Why Skills, Not MCPs
MCPs (Model Context Protocol servers) are great for giving Claude the ability to do things — query databases, call APIs, manage infrastructure. But for domain expertise, they're overkill and wrong-shaped.
A skill is:
- Tiny — 512 tokens loaded into context, not a running server process
- Passive — activates automatically when Claude touches relevant code
- Knowledge, not capability — teaches Claude how to think about a domain, not what actions to take
- Zero infrastructure — a file in your project, not a server to maintain
An MCP for TWS would let Claude place trades. A skill for TWS makes Claude understand the API's sharp edges. One of these is useful for code review. The other is terrifying.
The 5x Performance Improvement
After fixing all 8 issues:
- Market data fetching: 12s → 2.4s (batched requests + proper async)
- Reconnection time: 30-60s → 2-8s (exponential backoff converges faster than fixed retry)
- Memory: steady-state instead of climbing (no more leaked subscriptions)

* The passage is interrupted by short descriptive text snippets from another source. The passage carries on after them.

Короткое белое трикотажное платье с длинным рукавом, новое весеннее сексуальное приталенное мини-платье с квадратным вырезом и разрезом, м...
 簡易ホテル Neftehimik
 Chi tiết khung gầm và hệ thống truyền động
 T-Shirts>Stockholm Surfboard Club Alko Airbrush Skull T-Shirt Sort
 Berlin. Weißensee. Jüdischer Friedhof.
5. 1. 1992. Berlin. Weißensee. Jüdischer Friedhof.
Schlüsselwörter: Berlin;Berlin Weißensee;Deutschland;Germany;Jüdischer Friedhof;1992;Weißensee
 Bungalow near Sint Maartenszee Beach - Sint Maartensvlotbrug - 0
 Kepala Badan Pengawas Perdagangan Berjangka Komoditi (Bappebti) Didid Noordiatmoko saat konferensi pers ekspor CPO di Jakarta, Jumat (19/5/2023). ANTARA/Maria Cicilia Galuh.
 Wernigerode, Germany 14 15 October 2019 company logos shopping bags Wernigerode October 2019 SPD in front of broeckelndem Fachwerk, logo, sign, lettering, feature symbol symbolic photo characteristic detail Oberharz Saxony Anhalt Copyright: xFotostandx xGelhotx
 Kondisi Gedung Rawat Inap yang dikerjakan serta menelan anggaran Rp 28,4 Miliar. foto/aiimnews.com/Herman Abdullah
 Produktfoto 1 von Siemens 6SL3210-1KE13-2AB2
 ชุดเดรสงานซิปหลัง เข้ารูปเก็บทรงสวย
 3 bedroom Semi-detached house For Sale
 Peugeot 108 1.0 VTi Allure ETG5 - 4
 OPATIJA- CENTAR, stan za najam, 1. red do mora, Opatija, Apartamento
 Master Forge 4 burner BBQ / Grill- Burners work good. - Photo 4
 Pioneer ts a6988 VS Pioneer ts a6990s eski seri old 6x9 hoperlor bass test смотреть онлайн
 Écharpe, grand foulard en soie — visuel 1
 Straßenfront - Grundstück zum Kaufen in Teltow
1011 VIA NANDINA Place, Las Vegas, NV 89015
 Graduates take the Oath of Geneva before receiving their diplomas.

- Uptime: from daily restarts to continuous operation
The 5x headline number comes from the market data path — the hot loop that prices option chains. Batching requests and removing waitOnUpdate() blocking was the difference.
The Workflow
For anyone building domain-specific Claude Code skills:
- Ask first — check if a public skill exists for your domain
- Use the skill builder — point it at docs, known pitfalls, and best practices
- Keep it small — 512 tokens is plenty for encoding anti-patterns and conventions
- Install per-project — skills activate contextually, only when relevant code is touched
- Iterate — as you find new pitfalls, update the skill
The entire process from "I wonder if there's a skill for this" to "my production app is 5x faster" was under an hour. Most of that was applying the fixes, not finding them.
The Takeaway
AI coding assistants are only as good as their domain knowledge. Generic Claude is excellent at Python and async patterns. But it doesn't know that reqOpenOrders() must be called after TWS reconnection, or that waitOnUpdate() will deadlock an asyncio event loop, or that the 100-ticker limit fails silently.
512 tokens of domain expertise turned "Claude helps me write Python" into "Claude catches TWS-specific production bugs before they hit."
Skills are the highest-leverage feature in Claude Code that nobody is using yet.